Neocons turn on Bush for incompetence over Iraq war
Julian Borger
London Guardian
Saturday, November 4, 2006
Several prominent neoconservatives have turned on George Bush days before critical midterm elections, lambasting his administration for incompetence in the handling of the Iraq war and questioning the wisdom of the 2003 invasion they were instrumental in promoting.
Richard Perle and Kenneth Adelman, who were both Pentagon advisers before the war, Michael Rubin, a former senior official in the Pentagon's Office of Special Plans, and David Frum, a former Bush speechwriter, were among the neoconservatives who recanted to Vanity Fair magazine in an article that could influence Tuesday's battle for the control of Congress. The Iraq war has been the dominant issue in the election.
"I think the influence will be on morale [among Republicans]," said Steven Clemons, the head of the American Strategy Programme at the New America Foundation. "I think they are confusing the right. What this is yielding is ambivalence, and people will stay at home."
Mr Perle, a member of the influential Defence Policy Board that advised the defence secretary, Donald Rumsfeld, in the run-up to the war, is as outspoken in denouncing the conduct of the war as he was once bullish on the invasion. He blamed "dysfunction" in the Bush administration for the present quagmire.
"The decisions did not get made that should have been. They didn't get made in a timely fashion, and the differences were argued out endlessly," Mr Perle told Vanity Fair, according to early excerpts of the article. "At the end of the day, you have to hold the president responsible."

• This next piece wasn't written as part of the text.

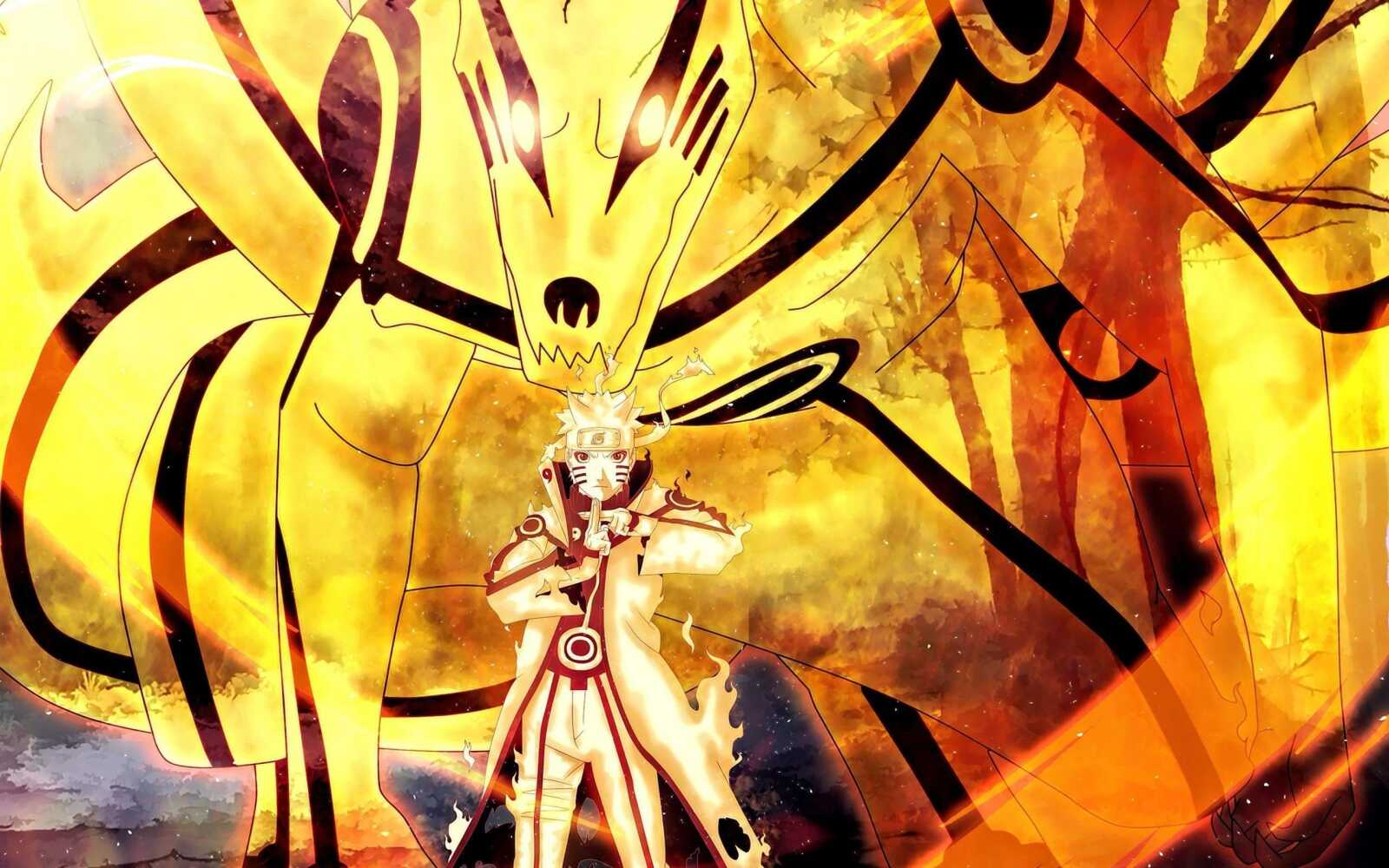 Desktop Hd Kurama - Kurama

Asked if he would still have pushed for war knowing what he knows now, Mr Perle, a leading hawk in the Reagan administration, said: "I think if I had been delphic, and had seen where we are today, and people had said, 'Should we go into Iraq?', I think now I probably would have said, 'No, let's consider other strategies for dealing with the thing that concerns us most, which is Saddam supplying weapons of mass destruction to terrorists'." The Bush administration admits it was mistaken in believing that Saddam Hussein had weapons of mass destruction, but the president and other top officials maintain that Iraq is better off as a result of his removal.
An overwhelming majority of Americans, however, now believe the war was not worth the cost in blood and resources. The public rethink by top neocons comes at a time of rising violence, with the US death toll climbing steadily towards 3,000 and the United Nations estimating that many Iraqis may be being killed by the conflict each month.
Kenneth Adelman, another Reagan era hawk who sat on the Defence Policy Board until last year, drew attention with a 2002 commentary in the Washington Post predicting that liberating Iraq would be a "cakewalk".